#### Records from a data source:

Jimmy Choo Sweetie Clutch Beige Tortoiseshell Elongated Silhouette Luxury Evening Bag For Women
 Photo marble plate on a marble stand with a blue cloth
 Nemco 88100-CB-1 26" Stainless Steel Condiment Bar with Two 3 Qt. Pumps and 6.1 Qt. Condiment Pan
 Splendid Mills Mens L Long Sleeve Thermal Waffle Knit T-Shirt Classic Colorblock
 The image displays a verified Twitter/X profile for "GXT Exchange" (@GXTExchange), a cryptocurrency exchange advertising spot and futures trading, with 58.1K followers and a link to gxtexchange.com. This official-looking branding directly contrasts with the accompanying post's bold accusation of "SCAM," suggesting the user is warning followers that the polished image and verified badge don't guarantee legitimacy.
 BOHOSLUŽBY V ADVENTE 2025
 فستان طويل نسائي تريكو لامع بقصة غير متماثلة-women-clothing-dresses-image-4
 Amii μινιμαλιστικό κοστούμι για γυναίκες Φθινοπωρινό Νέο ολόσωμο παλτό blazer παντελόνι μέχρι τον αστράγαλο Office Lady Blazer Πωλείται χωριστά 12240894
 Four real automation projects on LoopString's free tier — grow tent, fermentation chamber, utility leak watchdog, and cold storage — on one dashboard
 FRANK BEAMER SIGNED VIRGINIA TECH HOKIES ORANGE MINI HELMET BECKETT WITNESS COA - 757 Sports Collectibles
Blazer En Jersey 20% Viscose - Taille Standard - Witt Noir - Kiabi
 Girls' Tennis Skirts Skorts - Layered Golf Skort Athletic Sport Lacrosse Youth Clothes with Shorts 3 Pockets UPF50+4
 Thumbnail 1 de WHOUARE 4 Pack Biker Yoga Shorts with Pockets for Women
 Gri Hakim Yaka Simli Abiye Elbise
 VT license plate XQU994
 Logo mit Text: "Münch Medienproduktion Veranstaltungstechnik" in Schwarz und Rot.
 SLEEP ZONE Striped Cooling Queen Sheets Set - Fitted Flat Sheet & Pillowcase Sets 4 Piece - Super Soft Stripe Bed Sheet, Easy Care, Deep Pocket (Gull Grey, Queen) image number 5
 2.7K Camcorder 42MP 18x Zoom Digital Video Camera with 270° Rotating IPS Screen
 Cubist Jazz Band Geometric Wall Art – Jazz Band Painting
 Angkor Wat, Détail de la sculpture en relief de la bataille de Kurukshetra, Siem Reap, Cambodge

#### Your objective:
Copy out the lines above exactly, beginning at the one that contains "Qt. Condiment Pan" and ending at the one that contains "Splendid Mills Mens".

#### Answer to this problem:
 Nemco 88100-CB-1 26" Stainless Steel Condiment Bar with Two 3 Qt. Pumps and 6.1 Qt. Condiment Pan
 Splendid Mills Mens L Long Sleeve Thermal Waffle Knit T-Shirt Classic Colorblock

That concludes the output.